IT was fantastic! meeting the SUDO room last Tuesday. I hope this is not too much detail

*** Please tell me how... the best way for me to get in there Monday to be able to look over the sizes of the parts etc mostly bolts I will need to complete the base hopefully Monday. Any suggestions on hardware mounting cameras? We might need to mount/un-mount/align cameras for each session. The original mounting brackets were replaced(at some point) with blocks of wood with holes to accommodate various sizes and positions of cameras.

(Does the below or some version of it need a wiki page?)
1-2-18, The Sudo room collective et al with Dany from Noisebridge and Jacques assembled SUDO's book scanner "base." See at diybookscanner.org "Book Scanner Rigs" a basic diagram and list of hardware (w/out lights & cams) - with lights & cams, could be called a "rig." I think the distinction is important introducing people to the concept:

The base is essential for an operator to mount cameras (connected to a computer), as she flips the pages of a book, running the "capture" software because, the hundreds of images captured comprising the pages of a book should be aligned (as much as possible) similarly in 3 dimensions - so that "post-processing" software can determine what and where everything is to automatically align, process, OCR etc and then create a digital book.

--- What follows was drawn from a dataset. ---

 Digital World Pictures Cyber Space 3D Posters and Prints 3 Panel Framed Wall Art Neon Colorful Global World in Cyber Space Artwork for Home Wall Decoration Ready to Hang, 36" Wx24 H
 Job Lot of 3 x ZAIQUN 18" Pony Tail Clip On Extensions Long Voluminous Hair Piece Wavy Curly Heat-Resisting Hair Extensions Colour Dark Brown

"After capture, you will have a folder full of images. Turning those images into an eBook is called 'post-processing'. What steps this actually entails depends on your needs. Some people want to compress things down as much as possible and extract the text of the book using OCR. Others just want to crop each image to the page and bind them into a PDF."  diybookscanner.org/en/intro.html

These two links provide images and discussion of this particular scanner. Someone dubbed the model: Reese 1.0
(This diybookscanner.org/archivist is the "Reese 2.0" model named and sold as "The Archivist". Very similar to the 1.0 probably.)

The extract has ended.